CHAPTER I
THE SUDDEN ATTACK

Bomba made his way as silently as a panther through the jungle.

For that jungle abounded in enemies, as the boy had had occasion to know. At any moment a boa constrictor might drop like a flash from a tree above and seek to enfold him in its crushing coils. A turn of the trail might bring him face to face with a crouching jaguar. Or a cooanaradi, deadliest of all venomous snakes, might launch itself from the underbrush and inject its poison into his veins.

There were human foes, too, against whom Bomba had to be on his guard. With the natives who dwelt in that part of the jungle he was on comparatively friendly terms, though he never mingled with them on a footing of intimacy.

But from time to time the dreaded headhunters from the faraway region of the Giant Cataract invaded this district in search of the hideous trophies which their name implied wherewith to adorn their wigwams.

Their coming was a signal for the native inhabitants to flee, carrying along with them their children and scanty household belongings. The headhunters were cruel and ruthless, and death and destruction followed in their wake.

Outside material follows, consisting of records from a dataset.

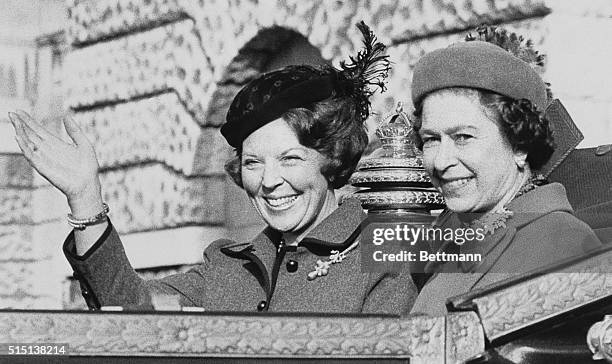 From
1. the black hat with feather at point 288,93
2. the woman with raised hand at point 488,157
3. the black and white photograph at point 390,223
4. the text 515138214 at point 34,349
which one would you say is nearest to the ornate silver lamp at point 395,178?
the black and white photograph at point 390,223

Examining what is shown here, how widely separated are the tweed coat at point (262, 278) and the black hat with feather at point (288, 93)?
162mm

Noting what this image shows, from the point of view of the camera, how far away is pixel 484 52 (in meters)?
2.13

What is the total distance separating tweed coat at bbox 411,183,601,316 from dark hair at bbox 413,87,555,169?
6 cm

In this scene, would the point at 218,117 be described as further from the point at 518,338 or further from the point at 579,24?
the point at 518,338

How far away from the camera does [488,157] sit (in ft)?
6.83

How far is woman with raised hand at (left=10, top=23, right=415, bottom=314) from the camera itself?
7.39 ft

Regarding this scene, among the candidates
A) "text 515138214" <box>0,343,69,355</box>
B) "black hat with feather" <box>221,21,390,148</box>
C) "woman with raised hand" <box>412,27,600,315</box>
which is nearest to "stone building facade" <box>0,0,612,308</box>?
"black hat with feather" <box>221,21,390,148</box>

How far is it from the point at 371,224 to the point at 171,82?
1665mm

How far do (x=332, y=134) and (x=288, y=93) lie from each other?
0.29ft

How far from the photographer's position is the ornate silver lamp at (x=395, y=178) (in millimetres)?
2742

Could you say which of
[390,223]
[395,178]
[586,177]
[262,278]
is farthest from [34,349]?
[395,178]

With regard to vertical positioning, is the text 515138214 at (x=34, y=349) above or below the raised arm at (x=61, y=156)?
below

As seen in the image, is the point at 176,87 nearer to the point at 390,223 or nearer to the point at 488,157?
the point at 390,223

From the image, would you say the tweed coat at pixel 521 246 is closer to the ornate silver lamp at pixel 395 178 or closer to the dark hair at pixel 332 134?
the dark hair at pixel 332 134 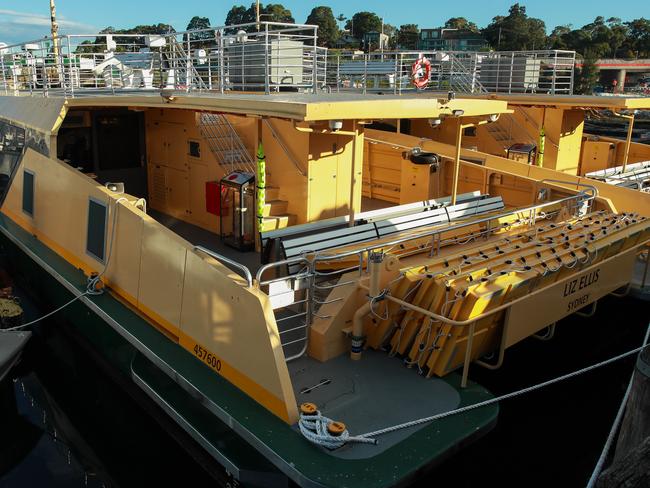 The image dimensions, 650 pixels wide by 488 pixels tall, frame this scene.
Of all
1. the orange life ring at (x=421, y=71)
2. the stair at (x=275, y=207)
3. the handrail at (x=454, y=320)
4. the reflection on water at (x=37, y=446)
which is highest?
the orange life ring at (x=421, y=71)

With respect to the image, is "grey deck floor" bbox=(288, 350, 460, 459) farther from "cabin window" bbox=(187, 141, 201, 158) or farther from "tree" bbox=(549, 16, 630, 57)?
"tree" bbox=(549, 16, 630, 57)

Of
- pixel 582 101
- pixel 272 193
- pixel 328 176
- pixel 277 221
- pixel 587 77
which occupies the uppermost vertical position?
pixel 587 77

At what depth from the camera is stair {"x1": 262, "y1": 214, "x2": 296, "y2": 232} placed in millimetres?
7547

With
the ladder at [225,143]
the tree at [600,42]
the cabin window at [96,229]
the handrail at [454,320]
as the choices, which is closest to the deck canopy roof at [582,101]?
the ladder at [225,143]

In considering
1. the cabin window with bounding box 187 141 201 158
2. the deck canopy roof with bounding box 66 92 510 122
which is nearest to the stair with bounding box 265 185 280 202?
the deck canopy roof with bounding box 66 92 510 122

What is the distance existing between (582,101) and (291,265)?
860 cm

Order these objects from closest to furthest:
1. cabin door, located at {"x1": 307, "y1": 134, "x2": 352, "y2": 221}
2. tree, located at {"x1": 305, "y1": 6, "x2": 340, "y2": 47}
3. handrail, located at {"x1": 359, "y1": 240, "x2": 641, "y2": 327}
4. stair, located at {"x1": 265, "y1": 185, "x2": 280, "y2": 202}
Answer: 1. handrail, located at {"x1": 359, "y1": 240, "x2": 641, "y2": 327}
2. cabin door, located at {"x1": 307, "y1": 134, "x2": 352, "y2": 221}
3. stair, located at {"x1": 265, "y1": 185, "x2": 280, "y2": 202}
4. tree, located at {"x1": 305, "y1": 6, "x2": 340, "y2": 47}

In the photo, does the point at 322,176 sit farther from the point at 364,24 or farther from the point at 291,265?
the point at 364,24

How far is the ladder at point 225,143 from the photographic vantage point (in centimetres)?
867

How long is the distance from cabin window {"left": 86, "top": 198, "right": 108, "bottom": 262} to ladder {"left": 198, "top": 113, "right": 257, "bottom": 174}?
2.36 m

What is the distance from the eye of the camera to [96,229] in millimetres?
6715

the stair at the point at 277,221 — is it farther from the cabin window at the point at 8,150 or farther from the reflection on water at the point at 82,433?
the cabin window at the point at 8,150

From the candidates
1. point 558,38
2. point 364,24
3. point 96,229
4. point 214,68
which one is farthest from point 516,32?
point 96,229

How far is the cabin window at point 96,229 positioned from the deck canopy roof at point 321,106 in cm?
159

Bomba had seen signs of them that very morning, and he had no desire for a closer acquaintance. On two previous occasions, he and Casson, the aged naturalist with whom he lived, had been sought out by these dreaded savages and had narrowly escaped with their lives. A third time they might not be so fortunate.

“And as I have only one head, I am exceedingly anxious to keep it on my shoulders,” the boy had told Casson.

So it was with extreme caution that Bomba threaded his way through the jungle, his eyes darting from right to left, plumbing the recesses of every thicket, piercing the foliage of every tree. With him eternal vigilance was the price, not only of liberty, but of life itself.

There was a sudden rustling in the leaves of a giant dolado tree. Bomba halted instantly, drew an arrow from his belt and fitted it to the string of his bow.